> **Items from a dataset**:
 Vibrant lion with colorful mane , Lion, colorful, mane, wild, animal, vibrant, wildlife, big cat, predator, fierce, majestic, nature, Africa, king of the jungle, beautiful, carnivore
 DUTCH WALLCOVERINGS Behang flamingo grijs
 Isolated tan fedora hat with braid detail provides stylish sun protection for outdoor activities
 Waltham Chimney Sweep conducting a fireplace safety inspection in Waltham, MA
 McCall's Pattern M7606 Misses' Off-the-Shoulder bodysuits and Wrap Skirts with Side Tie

> **The task**:
All lines above in which the word "with" occurs should be identified and copied.

> **Result of the exercise**:
 Vibrant lion with colorful mane , Lion, colorful, mane, wild, animal, vibrant, wildlife, big cat, predator, fierce, majestic, nature, Africa, king of the jungle, beautiful, carnivore
 Isolated tan fedora hat with braid detail provides stylish sun protection for outdoor activities
 McCall's Pattern M7606 Misses' Off-the-Shoulder bodysuits and Wrap Skirts with Side Tie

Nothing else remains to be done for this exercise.